Compositional information for kinetic modelling and petroleum type prediction

Abstract

The process of petroleum generation can be described in terms of timing and quantity by kinetic modelling. Compositional changes which occur during maturation are usually not taken into account in these models, despite the fact that they play an important role in defining physical behaviour of the petroleum under changing subsurface conditions. With this in mind, both open and closed system pyrolysis methods were applied to a set of immature Posidonia Shale samples from the Lower Saxony Basin (NW Germany) for studying both qualitative and quantitative aspects of the petroleum generation process. With the open system non-isothermal pyrolysis method, discrete distributions of activation energies in the range of 47–53 kcal/mol and one single frequency factor were determined. A maturity sequence was established by pyrolysing aliquots of immature Posidonia Shale samples under closed system conditions for various times and temperatures.
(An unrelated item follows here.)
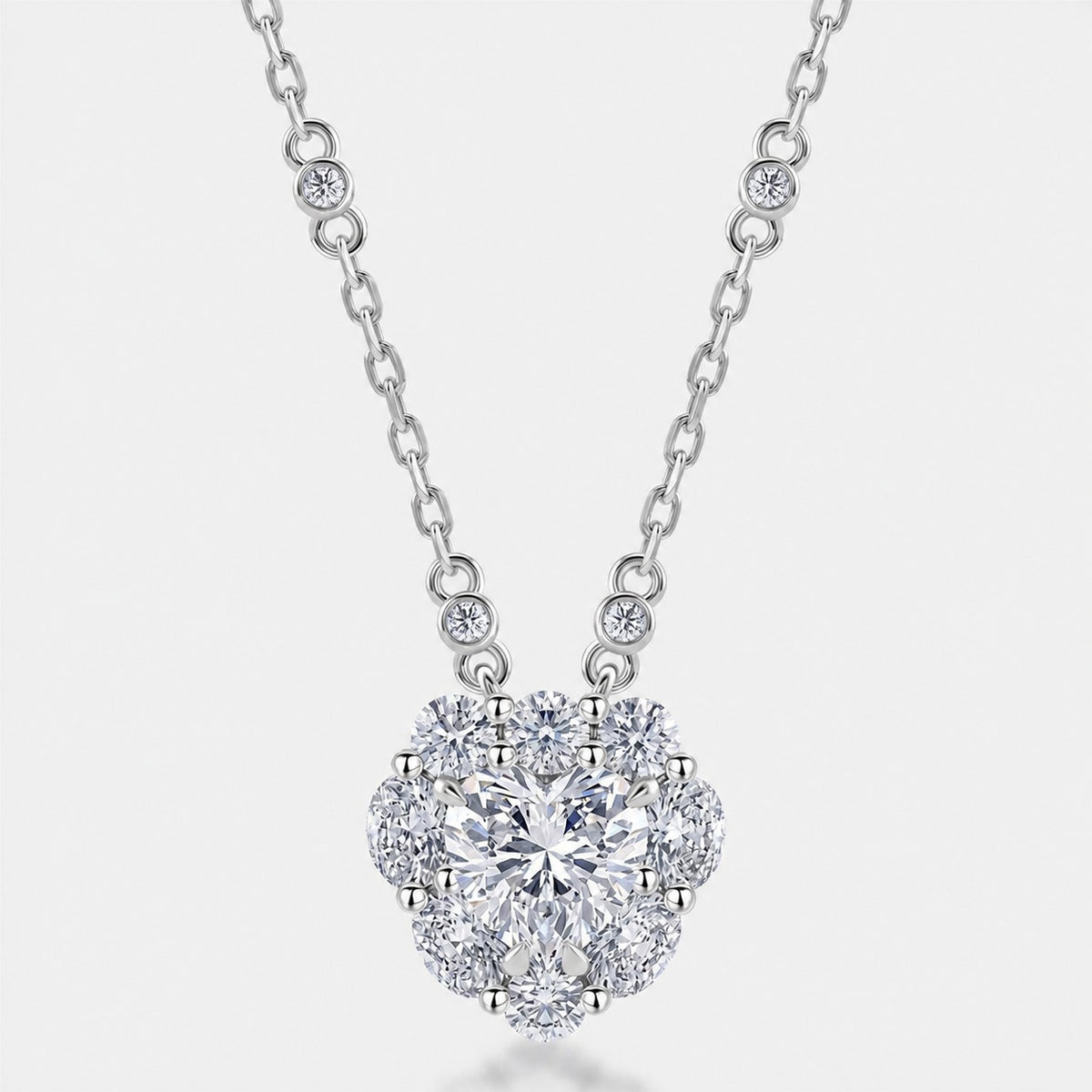 Heart Shape Moissanite Cluster Flower Pendant  925 Sterling Silver Necklace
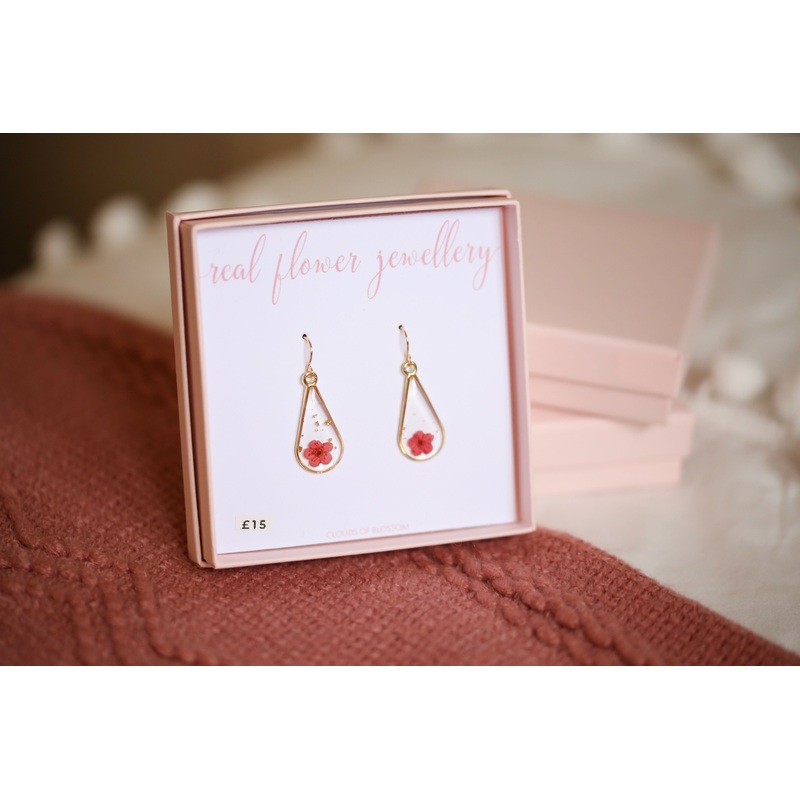 Red Babys Breath Long Teardrop Earrings Gold Plated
The compositional changes and the kinetics of formation of single compounds and groups in the C 1–C 35 range were then studied quantitatively using gas chromatography. The sequence was characterised by a progressive increase in both gas/oil ratio (GOR) and paraffinicity. There was only minor variation of the chain length distribution of n-alkanes, indicating a limited pool of precursors in the Posidonia Shale kerogen. Different kinds of single reaction models were used to determine the kinetic parameters for n-alkane generation. A satisfactory fit to the experimental data could not be obtained with first-order kinetics. A good fit could be made using a kinetic model of autocatalytic reactions.